Perak Rebound, Tapi Tenaga Reli Mulai Menipis
Harga Perak (XAG/USD) mengurangi dorongan kenaikan intraday pada Rabu (25/3) dan bergerak konsolidatif setelah optimisme awal terkait upaya gencatan senjata AS-Iran mereda. XAG/USD terakhir berada di sekitar $72,93 per ons, menguat dibanding penutupan sebelumnya.
Penguatan Perak sebelumnya didorong laporan bahwa Washington mengirim rencana 15 poin untuk membuka jalur penghentian konflik. Redanya premi risiko geopolitik sempat menekan tekanan inflasi dari sisi energi, sehingga mengurangi urgensi pengetatan kebijakan moneter dan mendukung logam non-yielding seperti Perak.
Namun, dorongan tersebut tidak bertahan lama setelah Iran memberi sinyal penolakan terhadap proposal itu. Sejumlah laporan, termasuk mengacu pada media Pemerintah, menyebut Teheran menegaskan perang akan diakhiri dengan syaratnya sendiri, termasuk tuntutan penghentian serangan dan pembunuhan, jaminan konflik tidak berulang, kompensasi kerusakan perang, penghentian pertempuran di seluruh front regional, serta pengakuan atas kendalinya di Selat Hormuz.

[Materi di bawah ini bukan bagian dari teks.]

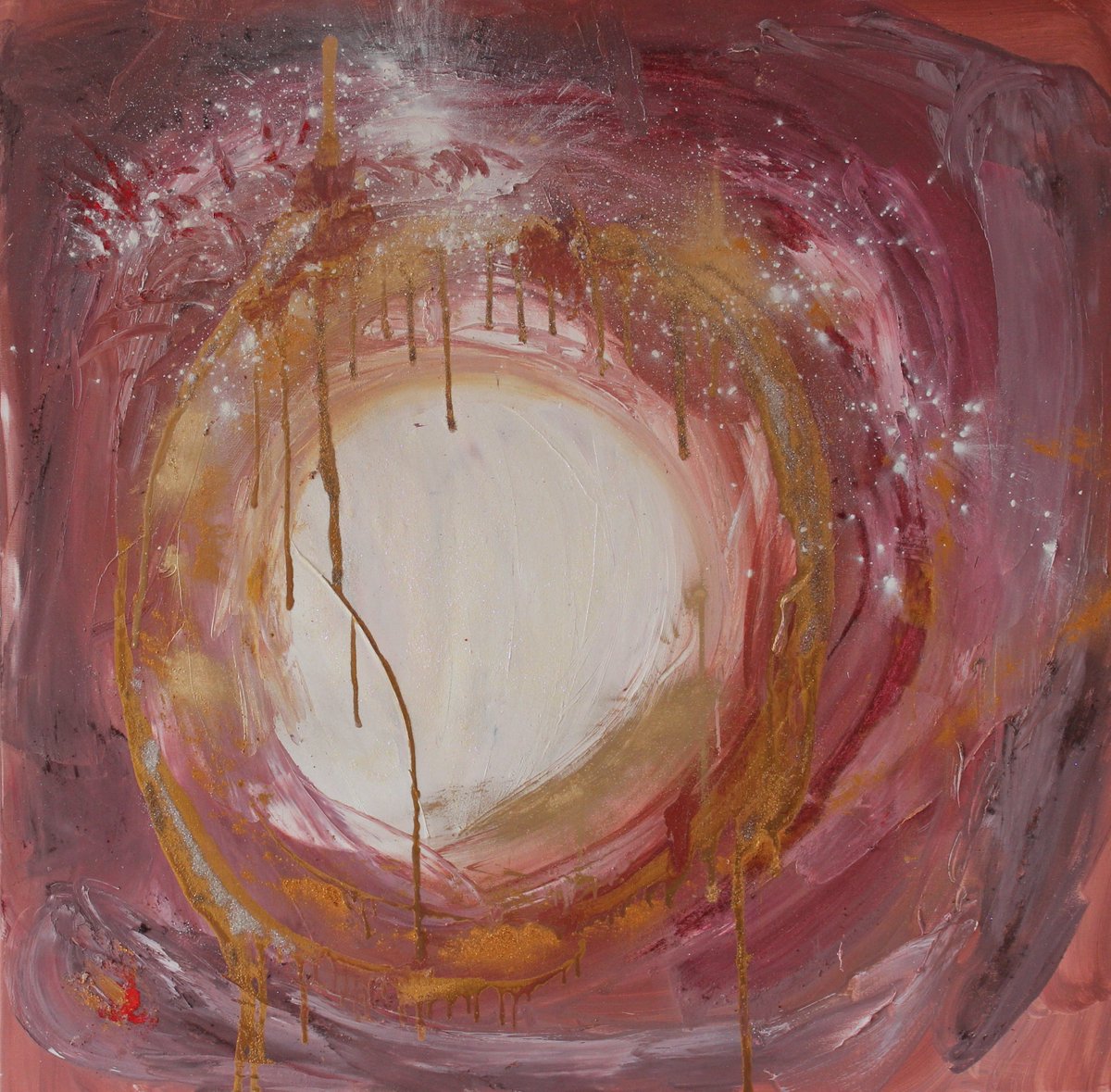 bridget_mccart's tweet photo. Moon Magic. Oil on canvas. 100 by 100cm https://t.co/67Qlvk8DfJ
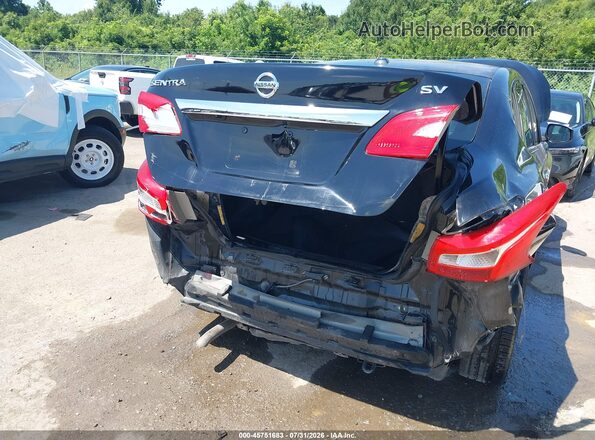 3N1AB7AP2KY370591 2019 NISSAN SENTRA Black Вид спереду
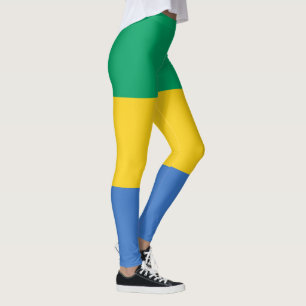 Gabon Flagga Leggings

Ketidakpastian yang bertahan ini menjaga permintaan terhadap Dolar AS, sementara risiko energi tetap menjadi kanal utama bagi inflasi global. Kombinasi Dolar yang cenderung kuat dan sensitivitas Pasar terhadap harga Crude Oil membatasi kelanjutan beli di Perak, meski minat bargain hunting muncul setelah koreksi tajam awal pekan.
Pasar selanjutnya akan memantau arah eskalasi dan diplomasi di Timur Tengah, volatilitas harga Minyak, serta pergeseran ekspektasi suku bunga global—tiga variabel yang menentukan apakah pemulihan Perak bertahan atau kembali kehilangan momentum. (Arl)
Sumber : Newsmaker.id
Panduan Analisis Pasar Keuangan
Untuk sukses dalam trading dan Strategi Investasi, penting untuk memahami berbagai alat analisis yang tersedia:
Analisis Fundamental
Analisis fundamental melibatkan studi mendalam tentang kondisi ekonomi, kebijakan moneter, dan faktor makro yang mempengaruhi Pasar. Tools seperti kalender ekonomi dan laporan fundamental menjadi kunci.
Analisis Teknikal
Analisis teknikal menggunakan data harga historis dan volume untuk memprediksi pergerakan masa depan. Indikator seperti moving average, RSI, dan MACD sering digunakan oleh trader.
Manajemen Risiko
Implementasi manajemen risiko yang tepat, termasuk position sizing dan stop-loss, sangat penting untuk keberlanjutan trading dalam jangka panjang.